= Juan de Quintana =

Juan de Quintana (c.1482-1534) was an imperial theologian and Confessor to the Habsburg emperor Charles V.

==First years==
Though it is unclear if he was born in Vic (Catalonia) or Sariñena (Huesca), Juan de Quintana was the son of Pedro de Quintana alias Navarro, a merchant who descended from the Quintanas, a family of butchers from the town of Vic, in the Principality of Catalonia. This family had apparently taken the name from a square called La Quintana, where butchers used to work in the same town. Pedro Quintana moved to the village of Sariñena in the last quarter of the 15th century, and Juan had at least two brothers, Sebastián and Pedro Quintana.

==Education and first royal assignments==
By 1495, Juan Quintana was already a student, most likely in the Studium Generale of Arts in Zaragoza, and he later continued his education at the Sorbonne. During his studies in Paris, Juan Quintana interceded in favour of Llulism, along with professors Antonio and Luis Coronel. He later obtained his doctorate in Theology at this university in May 1520. At some point afterwards, and before 1522, Quintana became the Chaplain in King Charles V's retinue, and he started participating as a theologian in special royal assignments, such as the trials against the Protestant Probst and Grapheus. Quintana kept traveling with the royal retinue, and during the 1530s he kept being assigned to take part in additional royal religious decisions, clearly aimed at containing (and also repressing) theological ideas that would not be in agreement with the Catholic faith, which King Charles wanted to be preeminent: in 1525 he participated in the Edict against the Alumbrados, in 1526 in the Edict against the moriscos from Granada, and in 1527 was one of the experts who attended the Conference of Valladolid, in order to judge Erasmus's theological ideas.

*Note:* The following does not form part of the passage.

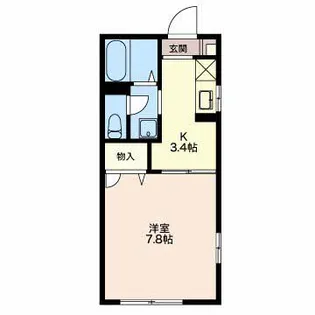 アークフラッティ【2階】の間取り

==Contact with Michael Servetus==
Some authors think that Dr. Juan de Quintana was an Erasmian, but others think otherwise, especially due to how extensively Quintana attacked Erasmus and his ideas during the Conference of Valladolid, saying that his ideas were false, heretical, deceiving, erroneous, or incredibly dangerous. One of the reasons for some authors to consider him a follower of Erasmus was that the famous polymath Michael Servetus claimed that he had been working in the service of Juan de Quintana, and as Servetus was an Erasmian, it was taken for granted that he learned those ideas from the royal chaplain, while they were in the royal retinue, in which there were some Erasmians. It seems clear that Quintana knew Servetus's family in Villanueva de Sigena, for his family was a neighbour of the Conesas, the maternal family. And it also seems Quintana could have known the young Servetus while he was studying in the Latin Grammar Studium of Sariñena around 1520, whose head was mosén Domingo Manobel. But it also seems that Servetus— whose name was not known in the royal retinue— learned Erasmus's ideas from the Studium Generale of Arts in Zaragoza, in which several of Erasmus's works were read to the students, and in which Servetus had been living from 1520 to 1527, first as a student and then as one of the four "Masters of Arts" (professors of Arts), while Quintana was traveling with the retinue.

==Last years==
In 1530, shortly after Pope Clement VII crowned Charles V in Bologna, Dr. Juan de Quintana became the Emperor's Confessor and participated in the Diet of Augsburg, where he met and discussed theological issues with Philip Melanchthon. In 1532, from Regensburg, the emperor appointed him Abbot of Montearagon (with an income of 64,000 sueldos jaqueses), which his nephews from Vic took possession of. Juan de Quintana was also named Lord of the village of Sipán (Huesca), and came back to Spain with the emperor in 1533, for the celebration of the Corts of Monzón. He then visited the Castle of Montearagón, where he made several appointments. He remained with the imperial court until his death in Segovia at the end of 1534.